Friday, April 23, 2010

Much Ado About Nothing

Glendale, April 23—
We're in Glendale to see the spring season of A Noise Within, the Equity repertory company we've subscribed to for the last several years. In four days you can catch three plays, the first half of the season in November, the second about this time of year. Shakespeare, recent American plays, European standards (Ibsen, Chekhov), most years a French classic (Molière, Racine), often an American standard.

This time it's Shakespeare, Odets, and Synge. I'll write in more detail after having seen all three: tonight we saw Much Ado About Nothing in a very entertaining production, set in turn-of-the-twentieth-century Sicily, with a Katherine Hepburny Beatrice (Torri Higginson) and a curiously Ray Millandish Benedick (JD Cullum) and a fine supporting cast, neatly directed by Michael W. Murray.

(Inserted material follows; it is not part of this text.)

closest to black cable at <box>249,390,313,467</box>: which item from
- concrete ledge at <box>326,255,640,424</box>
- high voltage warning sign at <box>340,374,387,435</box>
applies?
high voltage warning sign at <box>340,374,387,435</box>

It's late and I don't want to look up the links or write in detail about the performance. Or, for that matter, the play: I've always had trouble with it before, and it occurs to me that's because most productions I've seen have been overladen with shtick and/or concept. This was a nice clean interpretation, speaking the lines clearly without apology. Oh: and the clowns were wonderful, especially Mark Bramhall's Dogberry and Mitchell Edmonds's Verges. I'm glad we saw it.